Start of Recorded data
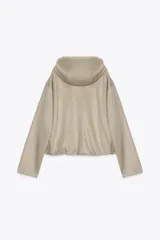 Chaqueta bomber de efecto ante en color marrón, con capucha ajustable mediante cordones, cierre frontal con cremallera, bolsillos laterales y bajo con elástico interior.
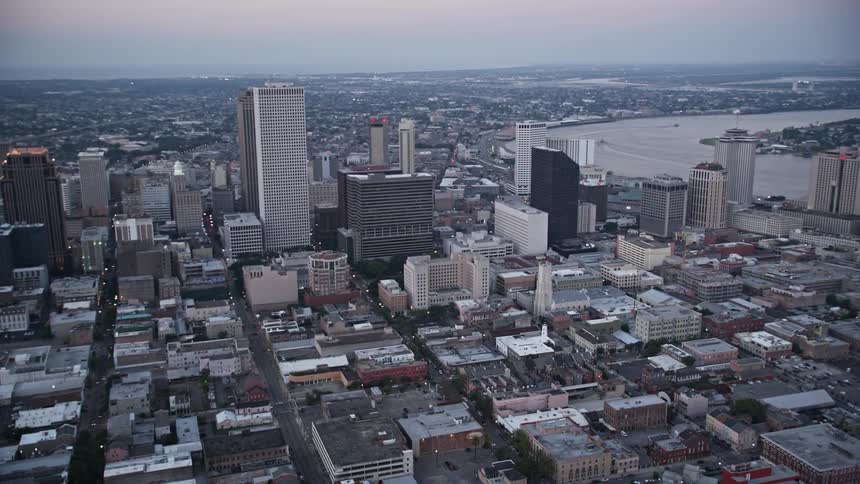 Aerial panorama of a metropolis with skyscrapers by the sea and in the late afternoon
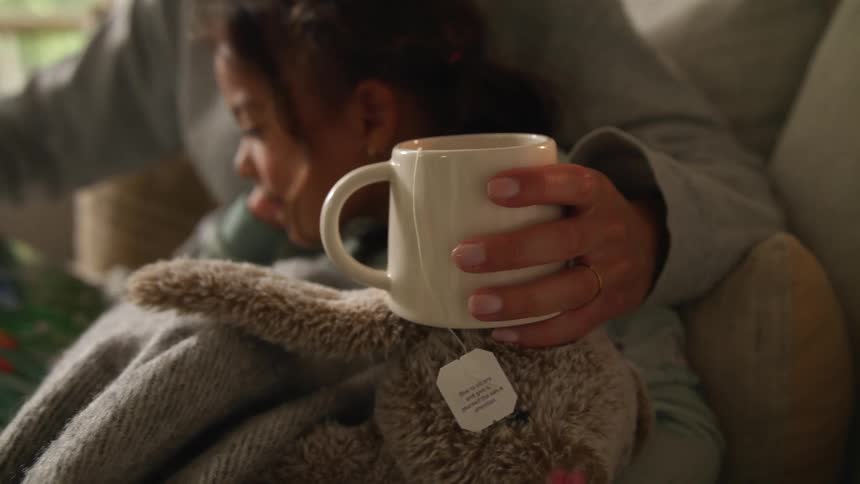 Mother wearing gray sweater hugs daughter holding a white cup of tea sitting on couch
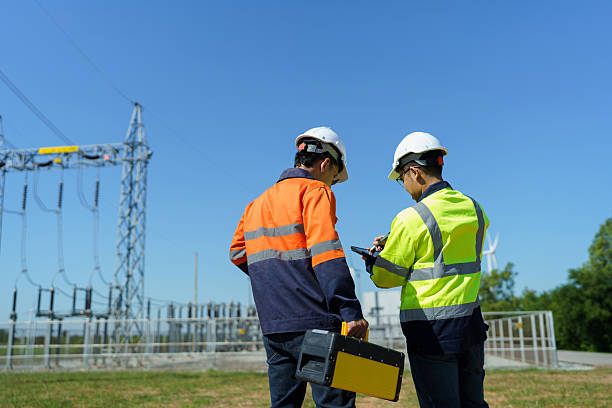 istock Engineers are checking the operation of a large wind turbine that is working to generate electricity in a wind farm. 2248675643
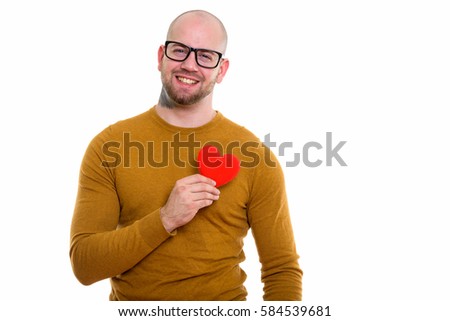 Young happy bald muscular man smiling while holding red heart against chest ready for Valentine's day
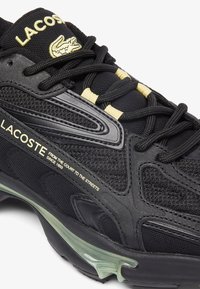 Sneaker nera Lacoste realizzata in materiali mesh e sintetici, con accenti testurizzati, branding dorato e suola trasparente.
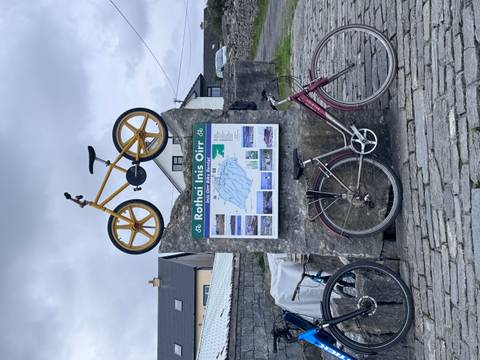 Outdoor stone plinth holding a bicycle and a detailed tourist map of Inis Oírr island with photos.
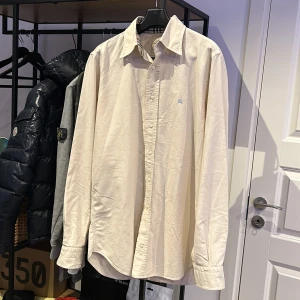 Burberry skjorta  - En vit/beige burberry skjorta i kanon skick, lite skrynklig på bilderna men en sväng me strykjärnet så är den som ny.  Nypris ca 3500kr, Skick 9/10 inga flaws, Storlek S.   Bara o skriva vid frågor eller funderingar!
End of Recorded data
◆ The problem
Everything in the material above should be reproduced exactly, except the pictures.

◆ Response box
 Chaqueta bomber de efecto ante en color marrón, con capucha ajustable mediante cordones, cierre frontal con cremallera, bolsillos laterales y bajo con elástico interior.
 Aerial panorama of a metropolis with skyscrapers by the sea and in the late afternoon
 Mother wearing gray sweater hugs daughter holding a white cup of tea sitting on couch
 istock Engineers are checking the operation of a large wind turbine that is working to generate electricity in a wind farm. 2248675643
 Young happy bald muscular man smiling while holding red heart against chest ready for Valentine's day
 Sneaker nera Lacoste realizzata in materiali mesh e sintetici, con accenti testurizzati, branding dorato e suola trasparente.
 Outdoor stone plinth holding a bicycle and a detailed tourist map of Inis Oírr island with photos.
 Burberry skjorta  - En vit/beige burberry skjorta i kanon skick, lite skrynklig på bilderna men en sväng me strykjärnet så är den som ny.  Nypris ca 3500kr, Skick 9/10 inga flaws, Storlek S.   Bara o skriva vid frågor eller funderingar!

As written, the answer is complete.